As for the rest, with Newton, infinitesimals, etc. No I don't think this is equivalent, and I don't really care very much to be honest. Classical mechanics is a completely different being since we can observe the macroscopic world and so axiomatising that part of physics isn't really that hard. With QFT, there's nothing. There's even fringe debate over whether locality is necessary. So of course there are no foundations we can intuit, since we aren't capable of divining the fundamental axioms of the universe.
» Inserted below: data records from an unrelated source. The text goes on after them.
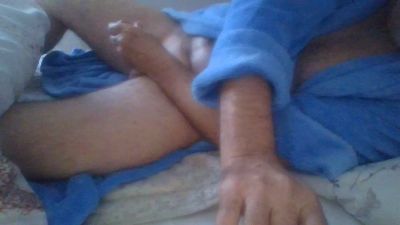 tayfan2022 live cam on Cam4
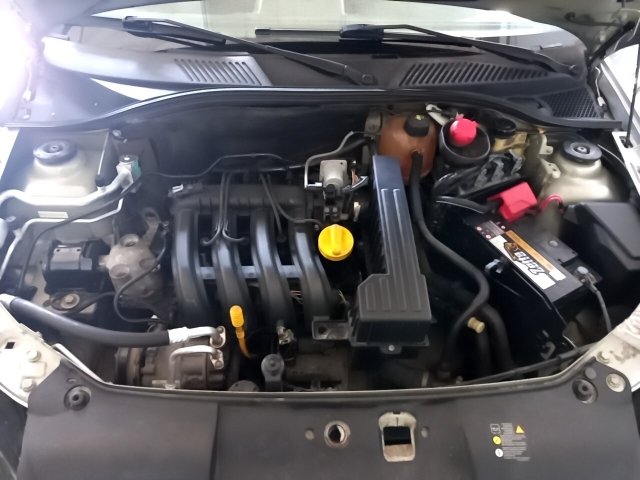 Vehicle_photo_12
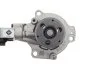 Комплект ГРМ + помпа VW T6 2.0TDI 04/15-, 62/75/84/110kw INA 530 0699 30 (фото 5)
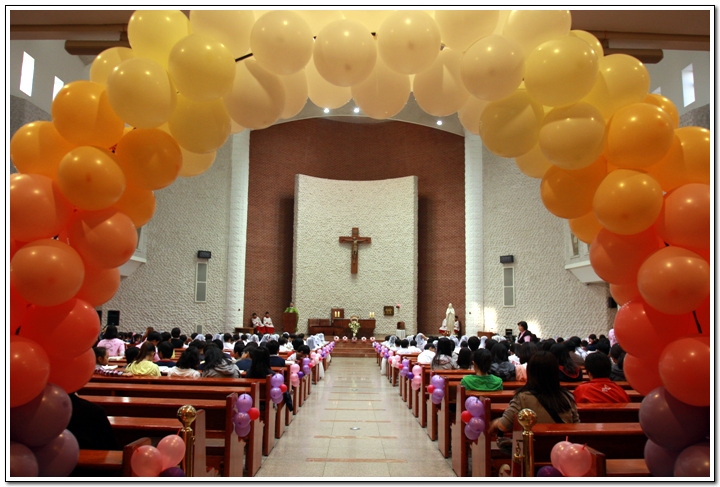 c_15_copy2.jpg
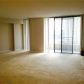 3300 NE 192 ST # 1104, Miami, FL 33180 ID:5546378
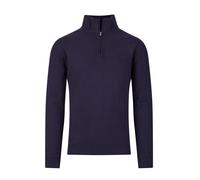 Raging Bull Classic Mens Quarter Zip - - Size: M
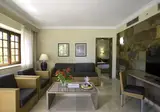 Suites & Villas by Dunas foto 25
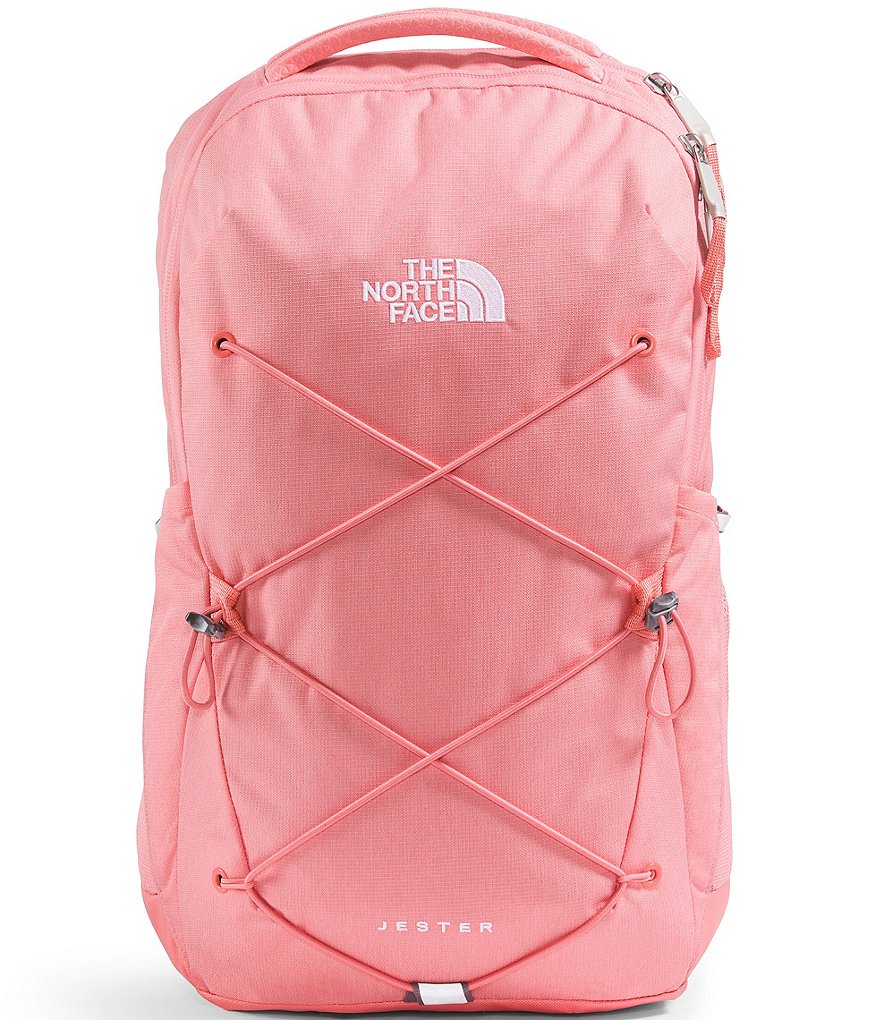 The North Face Women's Jester Laptop Backpack | Dillard's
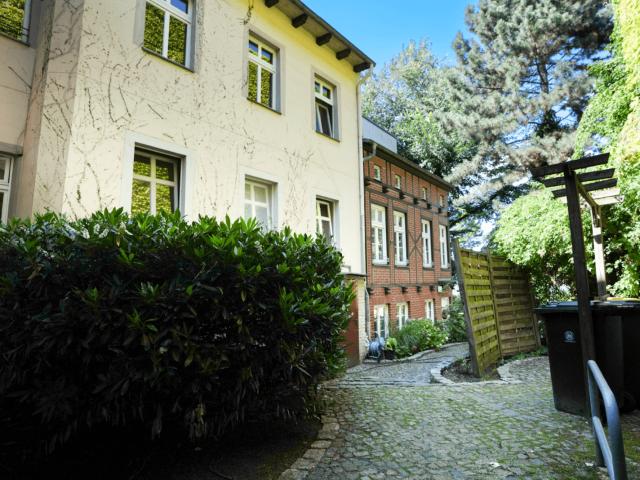 Wohnung zum Kaufen in Berlin 350.000,00 EUR 74.32 m²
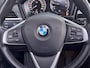 BMW 2-Serie Active Tourer 225xe iPerformance High Executive PANO - HEAD UP - LEER + VERWARM - KEYLESS -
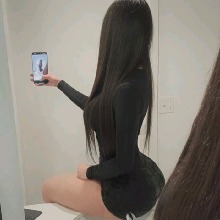 Guest_Shey731558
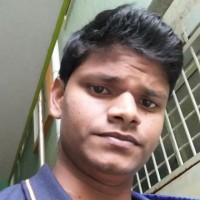 Vicky Kumar Gupta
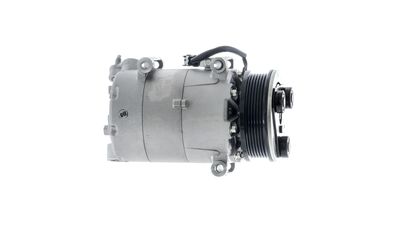 COMPRESOR CLIMATIZARE MAHLE ACP1360000P 40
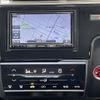 honda fit 2020 -HONDA--Fit DAA-GP5--GP5-1355019---HONDA--Fit DAA-GP5--GP5-1355019- image 20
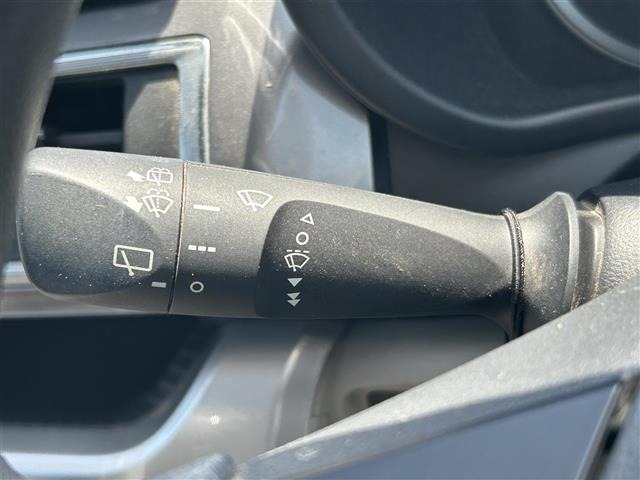 Daihatsu CAST 2016 8192831-21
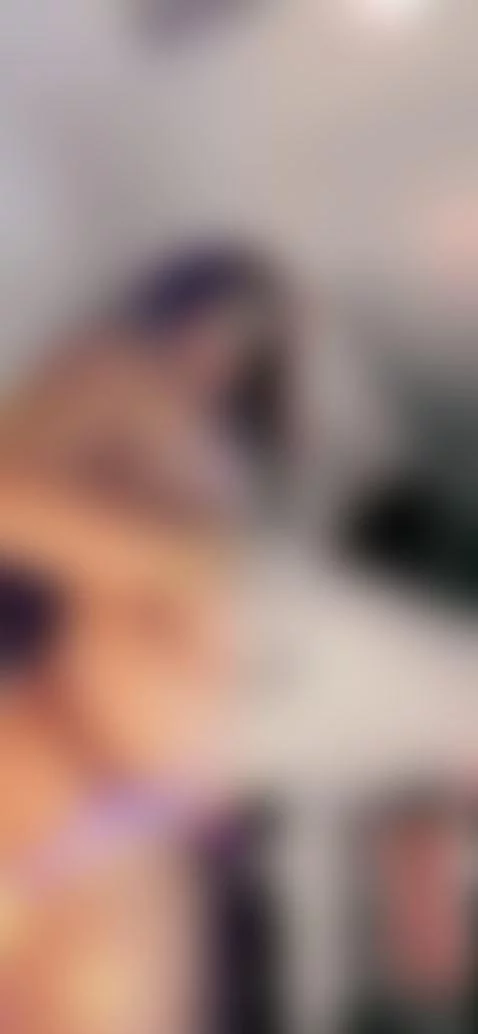 devil or angel? devil ofc by nycdiamond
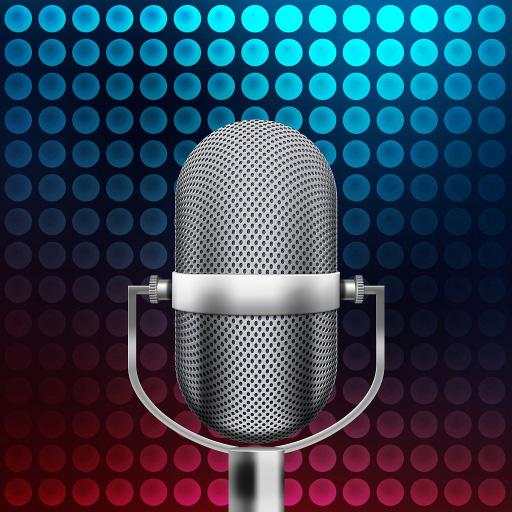 HOT FM 105 Pakistan 1.9.10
Secondly, as for "some new maths" to describe non-perturbational methods - I was referring to how many nonlinear models can be treated exactly as of the mid-20th century, and how many were shown to have natural connections to algebraic geometry, etc. and can be exactly constructed in that way. But none of that requires much mathematical rigour, and the solution of the Yang-Mills problem isn't likely to introduce many techniques we don't know already, and is more likely to just put them on a firmer foundation for the mathematicians who worry about such things. Almost no physics is really changed by this.